**PROBLEM STATEMENT**
Start at the line below containing "Очень красивая и" and stop at the line containing "Louis Vuitton Mahina". Repeat every line of that stretch exactly, and nothing outside it.

**DATA SHOWN**
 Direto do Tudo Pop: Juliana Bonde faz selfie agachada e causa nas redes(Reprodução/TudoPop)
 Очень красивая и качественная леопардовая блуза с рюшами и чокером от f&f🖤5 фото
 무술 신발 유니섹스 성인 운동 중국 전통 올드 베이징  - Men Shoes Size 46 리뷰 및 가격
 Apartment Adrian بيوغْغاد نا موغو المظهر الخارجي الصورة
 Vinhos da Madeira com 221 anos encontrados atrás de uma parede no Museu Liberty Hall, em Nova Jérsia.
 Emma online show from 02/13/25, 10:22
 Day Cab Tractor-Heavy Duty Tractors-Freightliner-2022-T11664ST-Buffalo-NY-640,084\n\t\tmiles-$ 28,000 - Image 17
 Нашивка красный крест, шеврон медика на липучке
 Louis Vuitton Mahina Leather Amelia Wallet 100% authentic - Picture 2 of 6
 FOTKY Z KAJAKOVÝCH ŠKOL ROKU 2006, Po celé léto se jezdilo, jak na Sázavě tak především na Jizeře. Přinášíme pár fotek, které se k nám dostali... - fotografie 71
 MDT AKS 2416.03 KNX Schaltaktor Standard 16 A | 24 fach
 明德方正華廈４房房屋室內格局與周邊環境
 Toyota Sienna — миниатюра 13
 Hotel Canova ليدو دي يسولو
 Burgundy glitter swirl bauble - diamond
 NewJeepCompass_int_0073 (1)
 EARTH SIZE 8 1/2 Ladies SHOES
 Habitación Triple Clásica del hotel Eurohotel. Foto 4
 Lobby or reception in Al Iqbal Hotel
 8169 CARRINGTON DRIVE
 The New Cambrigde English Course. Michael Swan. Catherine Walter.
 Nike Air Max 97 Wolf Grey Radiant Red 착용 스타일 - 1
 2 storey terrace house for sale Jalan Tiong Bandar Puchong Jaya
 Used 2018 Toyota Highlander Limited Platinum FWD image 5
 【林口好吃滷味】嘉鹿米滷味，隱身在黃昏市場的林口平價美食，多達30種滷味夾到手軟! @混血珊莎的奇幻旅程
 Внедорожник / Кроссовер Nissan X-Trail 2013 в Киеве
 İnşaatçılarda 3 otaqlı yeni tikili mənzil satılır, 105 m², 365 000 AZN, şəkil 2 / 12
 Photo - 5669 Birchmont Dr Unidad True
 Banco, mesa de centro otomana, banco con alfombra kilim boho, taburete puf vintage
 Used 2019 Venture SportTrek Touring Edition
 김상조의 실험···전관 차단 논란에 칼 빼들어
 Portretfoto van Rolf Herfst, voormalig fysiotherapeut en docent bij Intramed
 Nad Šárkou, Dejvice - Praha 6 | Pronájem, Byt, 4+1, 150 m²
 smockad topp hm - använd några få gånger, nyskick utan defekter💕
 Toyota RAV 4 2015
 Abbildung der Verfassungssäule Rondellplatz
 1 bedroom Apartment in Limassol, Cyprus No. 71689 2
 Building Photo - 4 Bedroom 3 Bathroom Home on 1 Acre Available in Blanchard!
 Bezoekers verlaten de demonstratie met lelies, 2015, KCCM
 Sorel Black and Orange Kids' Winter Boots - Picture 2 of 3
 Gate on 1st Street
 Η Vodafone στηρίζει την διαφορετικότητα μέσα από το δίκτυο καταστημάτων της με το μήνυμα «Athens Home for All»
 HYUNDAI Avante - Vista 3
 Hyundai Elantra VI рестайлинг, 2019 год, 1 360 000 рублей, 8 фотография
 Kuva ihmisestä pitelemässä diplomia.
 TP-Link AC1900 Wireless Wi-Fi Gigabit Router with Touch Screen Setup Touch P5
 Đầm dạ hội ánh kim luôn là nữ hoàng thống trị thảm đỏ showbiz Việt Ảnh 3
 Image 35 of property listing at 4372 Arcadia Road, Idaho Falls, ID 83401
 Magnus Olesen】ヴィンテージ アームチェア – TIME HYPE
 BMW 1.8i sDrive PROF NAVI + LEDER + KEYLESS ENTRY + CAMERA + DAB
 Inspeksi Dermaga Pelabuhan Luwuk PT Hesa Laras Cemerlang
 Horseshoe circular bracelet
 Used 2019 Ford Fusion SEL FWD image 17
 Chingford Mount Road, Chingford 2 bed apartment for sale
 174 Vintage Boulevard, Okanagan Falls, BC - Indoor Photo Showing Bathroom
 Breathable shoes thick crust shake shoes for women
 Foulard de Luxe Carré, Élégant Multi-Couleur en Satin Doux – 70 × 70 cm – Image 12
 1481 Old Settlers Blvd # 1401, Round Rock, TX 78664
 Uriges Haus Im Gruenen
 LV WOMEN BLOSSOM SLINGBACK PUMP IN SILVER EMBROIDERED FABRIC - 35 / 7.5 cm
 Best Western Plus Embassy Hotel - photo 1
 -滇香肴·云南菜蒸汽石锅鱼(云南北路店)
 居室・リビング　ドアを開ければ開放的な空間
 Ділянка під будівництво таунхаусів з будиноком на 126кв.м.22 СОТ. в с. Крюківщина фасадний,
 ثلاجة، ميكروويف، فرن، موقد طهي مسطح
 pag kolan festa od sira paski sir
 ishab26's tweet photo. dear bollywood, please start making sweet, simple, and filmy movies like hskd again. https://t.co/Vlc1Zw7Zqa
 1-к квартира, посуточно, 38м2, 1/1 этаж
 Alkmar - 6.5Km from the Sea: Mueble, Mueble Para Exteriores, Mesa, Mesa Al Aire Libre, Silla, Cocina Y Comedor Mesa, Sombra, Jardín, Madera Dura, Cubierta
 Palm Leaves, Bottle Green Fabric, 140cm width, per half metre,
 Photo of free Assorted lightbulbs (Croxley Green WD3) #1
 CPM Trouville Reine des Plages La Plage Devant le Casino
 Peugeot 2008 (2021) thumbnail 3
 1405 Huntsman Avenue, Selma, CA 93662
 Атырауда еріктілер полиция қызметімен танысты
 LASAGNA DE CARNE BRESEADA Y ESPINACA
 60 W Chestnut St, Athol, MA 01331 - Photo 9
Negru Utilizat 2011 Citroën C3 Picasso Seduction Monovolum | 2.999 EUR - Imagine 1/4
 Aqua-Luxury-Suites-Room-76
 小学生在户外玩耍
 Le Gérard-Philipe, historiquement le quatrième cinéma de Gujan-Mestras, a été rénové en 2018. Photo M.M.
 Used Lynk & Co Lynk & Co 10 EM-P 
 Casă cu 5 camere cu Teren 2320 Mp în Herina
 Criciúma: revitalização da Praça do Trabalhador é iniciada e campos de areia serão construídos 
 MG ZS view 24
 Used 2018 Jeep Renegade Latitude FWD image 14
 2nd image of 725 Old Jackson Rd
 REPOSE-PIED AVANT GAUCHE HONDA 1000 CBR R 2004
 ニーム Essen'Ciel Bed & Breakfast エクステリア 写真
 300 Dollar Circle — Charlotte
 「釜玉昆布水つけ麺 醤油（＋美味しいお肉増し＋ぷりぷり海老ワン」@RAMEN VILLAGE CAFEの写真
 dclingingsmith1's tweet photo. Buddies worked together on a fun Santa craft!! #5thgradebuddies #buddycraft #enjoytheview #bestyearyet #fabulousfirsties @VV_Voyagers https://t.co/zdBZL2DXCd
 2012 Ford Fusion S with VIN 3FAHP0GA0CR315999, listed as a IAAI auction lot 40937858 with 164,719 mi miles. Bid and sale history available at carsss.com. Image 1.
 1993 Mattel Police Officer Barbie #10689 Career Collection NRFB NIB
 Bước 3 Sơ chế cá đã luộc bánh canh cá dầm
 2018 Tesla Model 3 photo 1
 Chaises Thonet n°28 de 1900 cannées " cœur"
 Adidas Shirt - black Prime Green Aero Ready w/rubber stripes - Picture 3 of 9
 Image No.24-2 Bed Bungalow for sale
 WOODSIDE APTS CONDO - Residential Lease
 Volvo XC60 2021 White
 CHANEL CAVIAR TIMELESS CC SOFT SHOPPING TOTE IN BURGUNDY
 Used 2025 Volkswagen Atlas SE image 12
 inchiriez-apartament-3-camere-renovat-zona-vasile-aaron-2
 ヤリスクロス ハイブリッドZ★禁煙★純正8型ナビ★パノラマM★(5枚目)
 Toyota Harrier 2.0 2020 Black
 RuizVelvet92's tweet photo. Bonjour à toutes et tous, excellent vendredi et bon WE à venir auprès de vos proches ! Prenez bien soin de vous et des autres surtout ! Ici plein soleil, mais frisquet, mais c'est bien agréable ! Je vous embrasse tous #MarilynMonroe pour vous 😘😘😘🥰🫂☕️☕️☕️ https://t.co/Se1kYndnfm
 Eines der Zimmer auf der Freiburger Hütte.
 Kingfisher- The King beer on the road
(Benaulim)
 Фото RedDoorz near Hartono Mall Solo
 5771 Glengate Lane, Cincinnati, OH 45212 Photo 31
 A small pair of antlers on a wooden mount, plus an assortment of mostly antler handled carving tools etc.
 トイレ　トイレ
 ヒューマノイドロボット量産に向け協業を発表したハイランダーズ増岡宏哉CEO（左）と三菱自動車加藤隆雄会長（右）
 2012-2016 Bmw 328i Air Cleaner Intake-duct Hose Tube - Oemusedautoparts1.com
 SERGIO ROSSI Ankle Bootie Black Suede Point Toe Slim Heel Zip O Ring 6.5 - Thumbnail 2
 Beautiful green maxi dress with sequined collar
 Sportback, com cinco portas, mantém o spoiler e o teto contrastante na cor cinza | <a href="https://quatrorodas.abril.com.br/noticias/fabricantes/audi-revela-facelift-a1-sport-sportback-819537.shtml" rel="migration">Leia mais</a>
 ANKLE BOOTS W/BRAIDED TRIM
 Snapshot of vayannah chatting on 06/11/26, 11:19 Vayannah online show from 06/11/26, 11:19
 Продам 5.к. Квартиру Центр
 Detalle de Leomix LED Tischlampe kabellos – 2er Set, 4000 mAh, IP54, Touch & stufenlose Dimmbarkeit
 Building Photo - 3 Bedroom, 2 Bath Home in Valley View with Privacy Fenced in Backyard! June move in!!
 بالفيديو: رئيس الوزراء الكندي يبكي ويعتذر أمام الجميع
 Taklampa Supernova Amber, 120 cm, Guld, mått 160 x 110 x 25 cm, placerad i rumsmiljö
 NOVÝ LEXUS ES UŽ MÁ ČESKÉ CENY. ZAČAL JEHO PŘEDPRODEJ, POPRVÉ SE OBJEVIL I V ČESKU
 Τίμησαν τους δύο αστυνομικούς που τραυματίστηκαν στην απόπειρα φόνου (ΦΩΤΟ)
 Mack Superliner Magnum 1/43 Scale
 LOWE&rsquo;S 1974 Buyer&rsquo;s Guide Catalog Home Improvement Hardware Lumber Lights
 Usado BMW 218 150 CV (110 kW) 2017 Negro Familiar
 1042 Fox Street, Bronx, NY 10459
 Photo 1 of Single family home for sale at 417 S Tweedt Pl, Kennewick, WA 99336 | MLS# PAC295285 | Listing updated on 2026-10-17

**ANSWER TO THIS EXERCISE**
 Очень красивая и качественная леопардовая блуза с рюшами и чокером от f&f🖤5 фото
 무술 신발 유니섹스 성인 운동 중국 전통 올드 베이징  - Men Shoes Size 46 리뷰 및 가격
 Apartment Adrian بيوغْغاد نا موغو المظهر الخارجي الصورة
 Vinhos da Madeira com 221 anos encontrados atrás de uma parede no Museu Liberty Hall, em Nova Jérsia.
 Emma online show from 02/13/25, 10:22
 Day Cab Tractor-Heavy Duty Tractors-Freightliner-2022-T11664ST-Buffalo-NY-640,084\n\t\tmiles-$ 28,000 - Image 17
 Нашивка красный крест, шеврон медика на липучке
 Louis Vuitton Mahina Leather Amelia Wallet 100% authentic - Picture 2 of 6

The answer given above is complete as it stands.